When running queries while using myisam engine, because its not transactional, long queries (as far as I understand) don't affect the data from other queries.
In InnoDB, one of the things it warns is to avoid long queries. When InnoDB snapshots, is it snap shotting everything?
The reason I am asking this is: say a query for whatever reason takes a longer time than normal and eventually rolls back. Meanwhile, 200 other users have updated or inserted rows into the database. When the long query rolls back, does it also remove the updates/inserts that were made by the other users? or are the rows that involved the other users safe, unless they crossed over with the one that gets rolled back?
解决方案
Whether your queries affect concurrency or not have to do with the types of queries. Having many read queries won't affect concurrency in MyISAM or InnoDB (besides performance issues).
Inserts (to the end of an index with InnoDB, or the end of a table with MyISAM) also don't impact concurrency.
However, as soon as you have an update query, rows get locked in InnoDB, and with MyISAM, it's the entire table that gets write locked. When you try to update a record (or table) that has a write lock, you must wait until the lock is released before you can proceed.
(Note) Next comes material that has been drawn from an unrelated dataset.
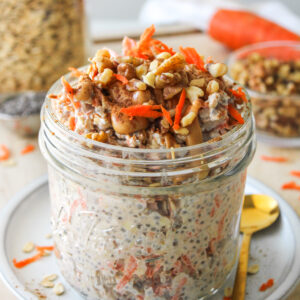 carrot cake overnight oats in a large glass mason jar topped with grated carrot, walnuts, cinnamon and peanut butter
In MyISAM, updates are served before reads, so you have to wait until the updates are processed.
MyISAM can be more performant because table locks are faster than record locks (though record locks are fast). However, when you start making a significant number of updates, InnoDB is generally preferred because different users are generally not likely to contend for the same records. So, with InnoDB, many users can work in parallel without affecting each other too much, thanks to the record level locking (rather than table locks).
Not to mention the benefit of full ACID compliance that you get with InnoDB, enforcement of foreign key constraints, and the speed of clustered indexes.
Snapshots (log entries) are kept long enough to complete the current transaction and are discarded if they are rolled back or committed. The longer a transaction runs, the more likely it is that other updates will occur, which grows the number of log entries required to roll back.
There will be no "cross-over" due to locking. When there is write contention for the same records, one user must wait until the other commits or rolls back.